SUPPLIED RECORDS START
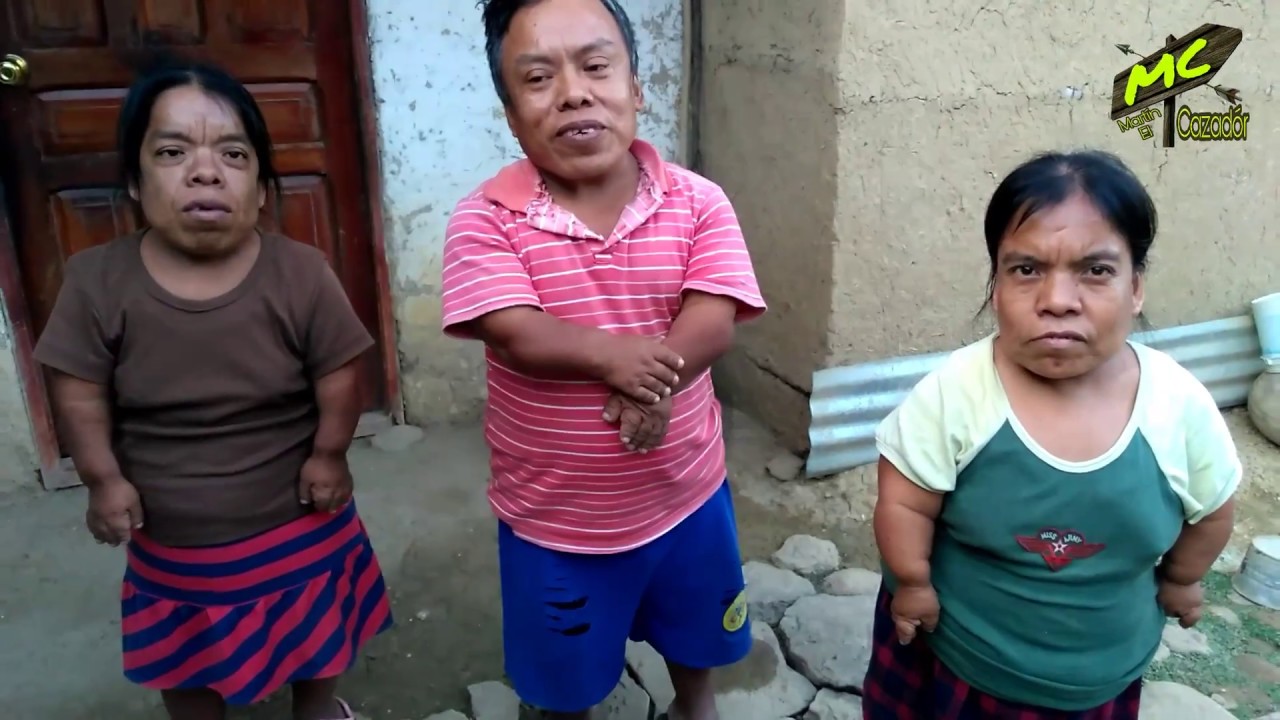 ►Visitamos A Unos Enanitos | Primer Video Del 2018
SUPPLIED RECORDS END
SUPPLIED RECORDS START
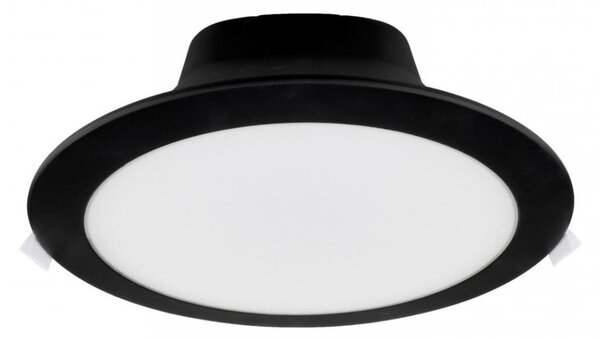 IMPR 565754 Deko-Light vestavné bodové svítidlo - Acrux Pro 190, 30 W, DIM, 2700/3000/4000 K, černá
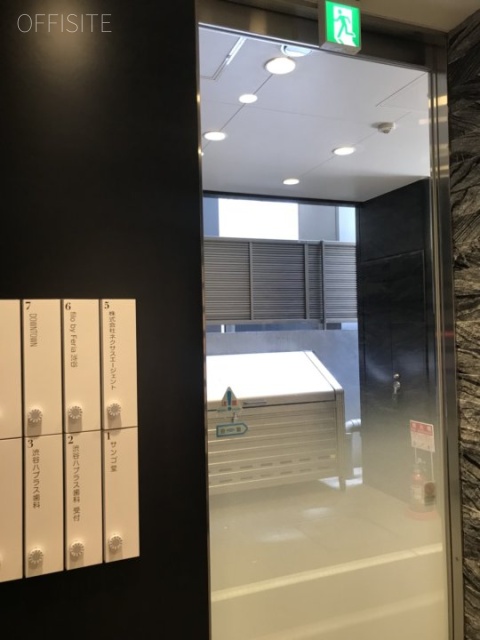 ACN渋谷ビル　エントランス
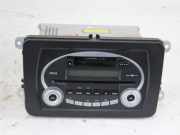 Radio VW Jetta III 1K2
SUPPLIED RECORDS END
SUPPLIED RECORDS START
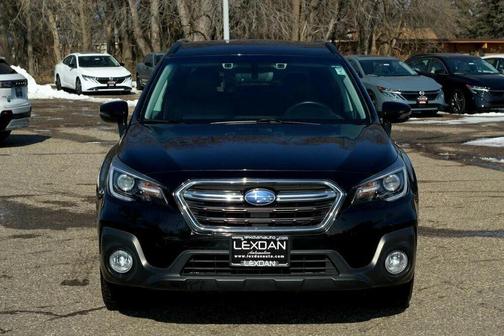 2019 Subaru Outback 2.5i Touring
SUPPLIED RECORDS END
**EXERCISE GOAL:** Give back exactly, and solely, the section of the data above bounded by the line containing "IMPR 565754 Deko-Light" and the line containing "Radio VW Jetta III 1K2", both bounding lines included and pictures omitted.

**FINISHED EXERCISE:**
 IMPR 565754 Deko-Light vestavné bodové svítidlo - Acrux Pro 190, 30 W, DIM, 2700/3000/4000 K, černá
 ACN渋谷ビル　エントランス
 Radio VW Jetta III 1K2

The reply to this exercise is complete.